High-efficiency PAs are important components in modern communications systems, particularly when broadband frequency coverage and high-data-rate performance are required.^{1} Classic harmonic tuned PAs, such as Class E amplifiers or those operating in Class F mode2 or inverted Class F (F^{−1}) mode typically operate with high efficiency but limited bandwidths. To extend the bandwidth of high-efficiency amplifiers, a continuous working mode was proposed by Steve Cripps in 2009, with additional concepts introduced more recently, including Class B/F mode,^{3} continuous Class F mode,^{4} and continuous Class F−1 mode.^{5}

These continuous working modes require that second-harmonic loads are tuned to the edge of the Smith chart, which is an almost impossible condition to meet across a broad frequency range. The extended continuous class F^{−1} mode^{6} is derived through managing the current waveform of classic continuous Class F^{−1} mode by adding a cosine term with a current waveform factor, δ. Waveform factor δ introduces a resistive part to the second-harmonic admittance, easing the requirements for strict impedance loads and, in the process, resulting in a more flexible design space.

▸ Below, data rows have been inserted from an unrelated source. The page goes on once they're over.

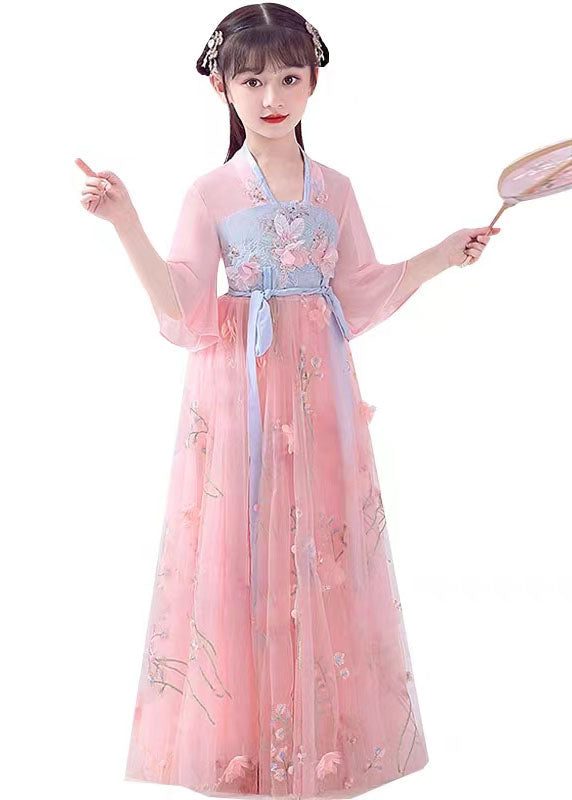 Beautiful Pink Embroideried Patchwork Cotton Kids Girls Long Dresses S ...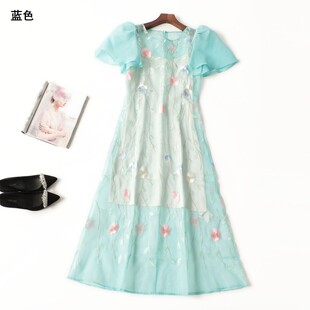 410816 夏连衣裙 深圳女欧根纱绣花长款五分袖圆领.S.M.L.XL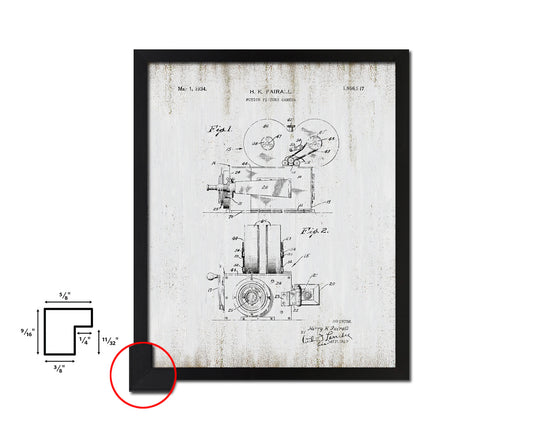 Picture Camera Motion Vintage Patent Artwork Black Frame Print Wall Art Decor Gifts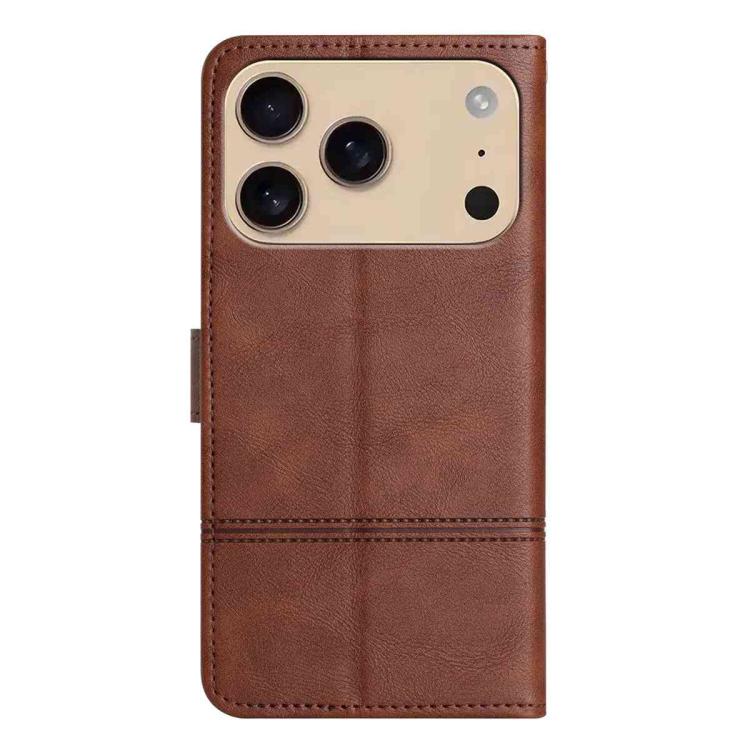 For iPhone 17 Pro Cowhide Texture Stitching Leather Phone Case
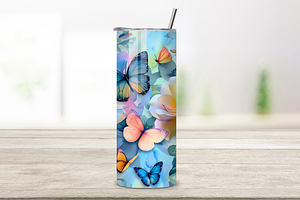 3D Butterfly Meadow Tumbler Wrap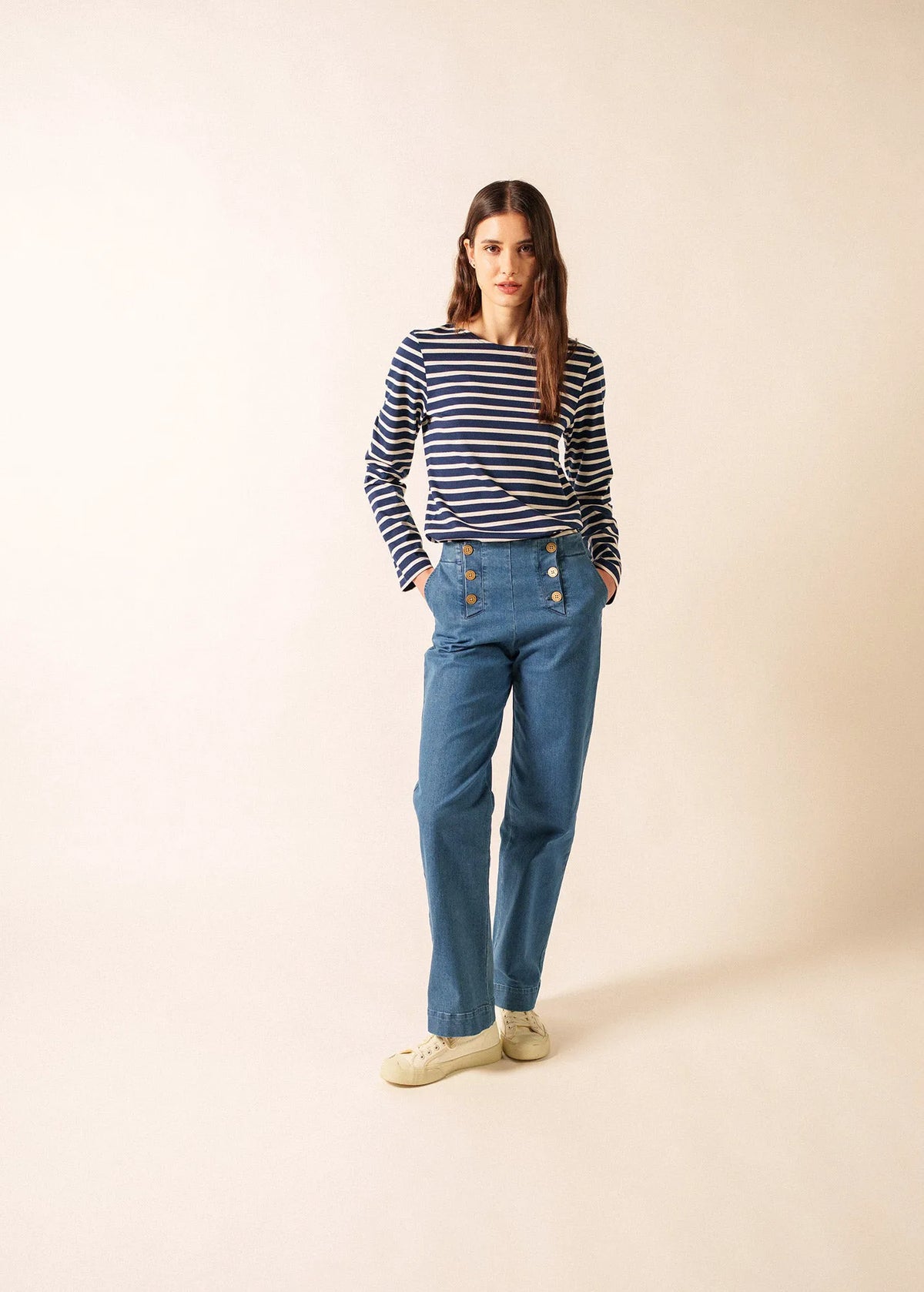 NAVY / ECRU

Current waveform factor δ plays a critical role in the efficiency of extended CCF^{−1} mode PAs. The key point of designing an extended CCF^{−1} mode PA is to design an output matching network (OMN) which allows the use of δ constrained to a small range within the operating frequency band. Simulations with commercial computer-aided-engineering (CAE) software indicate that if the proposed OMN allows δ to be maintained within a range of 0 < δ < 0.26 across an operating frequency range of 1.0 to 1.9 GHz, the corresponding drain efficiency will be higher than 75%. This proposed OMN is relatively simple and easy to assemble.

### Designing an Amplifier

The extended CCF^{−1} PA can be derived by managing the current waveform of classical CCF^{−1} PAs. It has a half-wave rectified sinusoidal voltage waveform at its intrinsic current-generator (I-gen) plane similar to CCF^{−1} modes, while its current waveform represents a new family of current waveforms with waveform factor δ varying between 0 and 1. The drain-source current (ids) and voltage (Vds) waveform expressions are as follows:

ids (θ) = (0.37 – 0.43cosθ + 0.06cos3θ)(1 – γsinθ)(1 + δcosθ) (1)

where −1 ≤ γ ≤ 1

and

Vds (θ) = 1 + [2/(2)0.5](cosθ) + 0.5cos2θ (2)

Building upon these expressions, the output fundamental and harmonic admittances for the extended CCF^{−1} mode can be found by means of Eqs. 3, 4, and 5, where Gopt represents the optimal admittance for the PA’s transistors:

Y1f = (2)0.5[(1.16 – δ) – j(0.33δγ – γ)(Gopt)] (3)

Y2f = −2[ −δ + j(1.32 – δ)γ]Gopt (4)

Y3f = ∞ (5)

*Figure 1* depicts the fundamental, second, and third harmonic admittances of the extended CCF^{−1} modes. As can be seen from the Smith chart, δ = 0 corresponds to the classical CCF^{−1} mode. The fundamental load is on the constant susceptance circle, the second-harmonic load varies on the edge of the Smith chart, and the third-harmonic load is fixed at the short-circuit condition. Satisfying all three harmonic load conditions in a broadband PA design is difficult, usually leading to degraded performance in terms of efficiency and output power.

The extended CCF^{−1} mode occurs when 0 < δ < 1. With variations of current waveform factor δ, the optimal fundamental and second-harmonic loads are moving in opposite directions on the Smith chart. The second-harmonic load is located inside the Smith chart, which represents a resistive part to the second-harmonic admittance. This resistive part extends the design space with a slight sacrifice in efficiency and output power.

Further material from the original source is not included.